$x^2 y'' + 3xy' + (1 - 2x)y = 0$
I plugged in the guess $y = x^s \sum_{n = 0}^\infty a_n x^n$ to get $(s^2 + 2s + 1)a_0 x^s + \sum_{n = 0}^\infty (n^2 + 2ns + s^2 + 2n + 2s + 1)a_n x^{n + s} - 2a_{n - 1}x^{n + s} = 0$.
The indicial equation indicates that $s = -1$ with Algebraic Multiplicity $2$, and the summation leads to the recurrence relation $a_n = \frac{2}{n^2 + 2ns + s^2 + 2n + 2s + 1} a_{n - 1}$. My understanding is that now I am supposed to solve this recurrence relation and take the partial derivative of the solution with respect to $s$ evaluated (after partial differentiation) at $s = -1$.
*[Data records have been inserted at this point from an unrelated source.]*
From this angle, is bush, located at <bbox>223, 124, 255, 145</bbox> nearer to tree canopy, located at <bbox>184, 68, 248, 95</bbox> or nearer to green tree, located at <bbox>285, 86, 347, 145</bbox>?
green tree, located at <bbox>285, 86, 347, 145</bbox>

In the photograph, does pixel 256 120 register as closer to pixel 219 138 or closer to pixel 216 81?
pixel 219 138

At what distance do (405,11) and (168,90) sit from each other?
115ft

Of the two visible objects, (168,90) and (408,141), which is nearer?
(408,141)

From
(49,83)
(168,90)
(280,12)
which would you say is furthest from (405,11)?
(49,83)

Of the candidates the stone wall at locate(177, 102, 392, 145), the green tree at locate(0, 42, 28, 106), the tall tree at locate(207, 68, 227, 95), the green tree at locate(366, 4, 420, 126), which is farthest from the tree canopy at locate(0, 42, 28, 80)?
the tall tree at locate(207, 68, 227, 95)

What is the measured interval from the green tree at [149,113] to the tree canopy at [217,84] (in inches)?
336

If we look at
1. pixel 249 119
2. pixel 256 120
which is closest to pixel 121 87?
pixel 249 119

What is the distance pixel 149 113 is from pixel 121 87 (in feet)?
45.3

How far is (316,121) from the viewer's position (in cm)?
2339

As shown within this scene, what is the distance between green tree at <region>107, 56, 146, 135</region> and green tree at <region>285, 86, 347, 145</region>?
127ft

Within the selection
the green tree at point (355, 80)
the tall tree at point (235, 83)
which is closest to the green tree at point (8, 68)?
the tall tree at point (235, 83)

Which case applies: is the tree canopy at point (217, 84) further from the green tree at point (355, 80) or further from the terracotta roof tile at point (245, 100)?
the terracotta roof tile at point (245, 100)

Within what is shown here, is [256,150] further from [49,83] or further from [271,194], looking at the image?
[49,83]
So far, I haven't been able to find any really good techniques to solve the recurrence relations produced by power series ODE solution methods; I either write out some terms of the recurrence relation and pray that the pattern doesn't take half an hour to spot, or Wolfram the answer to the recurrence relation. Characteristic equations, generating functions, and $Z$-Transforms have been unhelpful due to the variable coefficients, and although intuition from analogy to ODEs tells me that first-order linear recurrences should be solvable even with variable coefficients, I have yet to find a reliable technique.
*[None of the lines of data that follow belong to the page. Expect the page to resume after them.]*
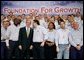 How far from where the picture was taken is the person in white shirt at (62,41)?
8.15m

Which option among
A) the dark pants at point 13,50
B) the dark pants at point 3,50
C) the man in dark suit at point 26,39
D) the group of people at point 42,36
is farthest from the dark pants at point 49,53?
the dark pants at point 3,50

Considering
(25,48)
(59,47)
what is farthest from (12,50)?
(59,47)

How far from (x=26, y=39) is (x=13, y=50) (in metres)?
0.26

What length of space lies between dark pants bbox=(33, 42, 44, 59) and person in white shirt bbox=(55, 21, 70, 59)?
25 centimetres

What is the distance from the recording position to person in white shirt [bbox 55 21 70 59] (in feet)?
26.7

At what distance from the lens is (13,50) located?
322 inches

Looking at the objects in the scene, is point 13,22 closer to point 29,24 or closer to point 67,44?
point 29,24

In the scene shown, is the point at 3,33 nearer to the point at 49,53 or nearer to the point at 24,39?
the point at 24,39

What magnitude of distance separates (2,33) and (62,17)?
96 cm

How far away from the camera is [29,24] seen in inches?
321

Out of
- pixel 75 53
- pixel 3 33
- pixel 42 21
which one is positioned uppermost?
pixel 42 21

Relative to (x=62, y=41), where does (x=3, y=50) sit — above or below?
below

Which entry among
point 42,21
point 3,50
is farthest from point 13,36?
point 42,21

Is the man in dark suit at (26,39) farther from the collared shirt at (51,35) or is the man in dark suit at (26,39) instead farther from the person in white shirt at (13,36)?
the collared shirt at (51,35) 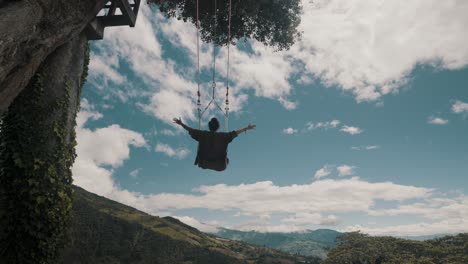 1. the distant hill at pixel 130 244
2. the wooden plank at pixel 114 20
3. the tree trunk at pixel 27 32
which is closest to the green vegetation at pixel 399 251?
the wooden plank at pixel 114 20

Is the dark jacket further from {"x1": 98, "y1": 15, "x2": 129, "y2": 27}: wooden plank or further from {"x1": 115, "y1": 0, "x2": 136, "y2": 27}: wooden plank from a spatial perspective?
{"x1": 98, "y1": 15, "x2": 129, "y2": 27}: wooden plank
Often the pattern matching flash of insight doesn't come to me or takes an extreme amount of trial and error, and now that $s$'s have been introduced into the recurrence relations, the pattern matching approach has become even less productive. Unfortunately, Wolfram's answer to the recurrence relation ($a_0$ set to $\pi$ to prevent lumping) involves Gamma functions, which cannot be differentiated nicely (with or without logarithmic differentiation). I am unsure if the Gamma functions are allowed to be converted into factorials, since in this problem, $s = -1$ and therefore $s + 2$ and $n + s + 2$ are positive integers, but it certainly wouldn't be allowed in problems where $s$ was not an integer.
My suspicion is that Wolfram is treating $s$ as a constant, but I need it to be treating both $n$ and $s$ as variables when solving the recurrence relation, since the plan is to partially differentiate with respect to $s$, and partially differentiating with respect to a constant won't work. However, Wolfram doesn't seem to do multivariable recurrence relations, and I have been once again unable to find techniques.
Am I understanding the prescription of Forbenius solution method correctly, or am I on the wrong track? How can I proceed with recurrence relations like this when the solution isn't obvious from writing out terms?